We were delighted by the enthusiastic response to our invite for a small group of diverse artists from different practises and perspectives to join us for 3 days at the Centre for Alternative Technology in mid October to work together on imagining and creating ‘the gods for our time’. The really hard task last week was selecting a diverse mix of only 6 from the many really interesting artists who applied. Thank you everyone for the response to the invite and the interest in the topic shown. We look forward to sharing some of what happens on this experimental collaboration.
‘Creating gods for our time’ – 3 day residential workshop https://larksandravens.com/an-invite/ 14th-17th October 2024. Centre for Alternative Technology, Machynlleth, Wales, SY20 9AZ
We are looking to bring together 6 diverse creative practitioners and thinkers to playfully address the question “what gods have shaped our current world and what counter gods could we imagine and create who might challenge and help us reshape the narrative?”. Over the 3 days, we will think, eat, imagine, share ideas and practices and co-create a panoply of lifesize gods with different transforming narratives.
Applications from artists & philosophers, to story tellers & puppet makers welcome – closing date for applications is 02/09/2024 https://larksandravens.com/an-invite/
After experimental pie suppers with a mix of guests and gods around the table, we decided that we needed to find more powerful ways of animating our gods and ways of interacting with them.
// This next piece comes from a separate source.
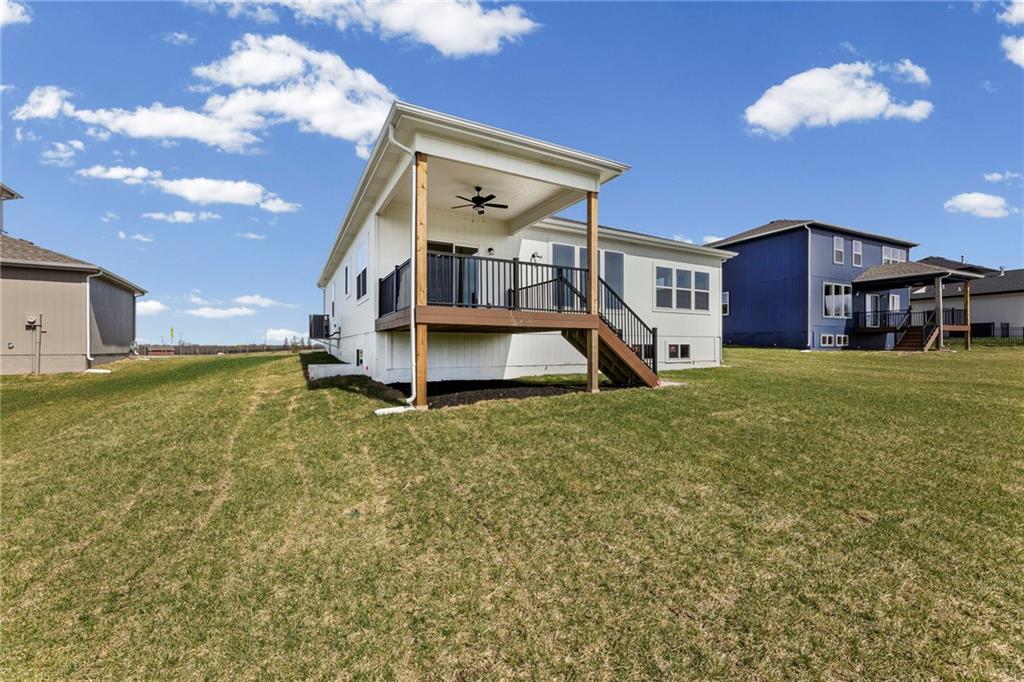 18615 West 193rd Street Spring Hill, KS 66083 - Photo 38 of 47
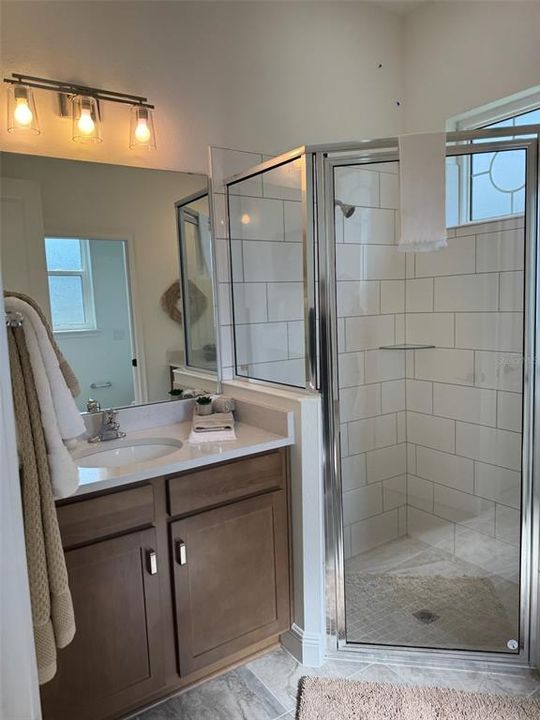 For Sale: $323,500 (3 beds, 2 baths, 1462 Square Feet)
In March, we enjoyed presenting our work to an online audience courtesy of Dougald Hine & his Long Table network – a group of people from all parts of the world who, in their own ways, are exploring how to regrow a living culture in the ruins of modernity. We gave them a chance to experience a sample of our practice of drawing as a way of knowing and their questions and thoughts stimulated our thinking in some new directions.
We are now exploring ways to bring together a small group of creative practitioners from different interests and backgrounds to collaborate in identifying the gods and forces who shape the world we find ourselves in today and then imagine and co-create a collection of ‘counter-gods’ who can help us challenge and evolve a world of different values & narratives.
And, as we face a General Election, what would be a Trickster move that could unexpectedly topple the all powerful god of economic growth?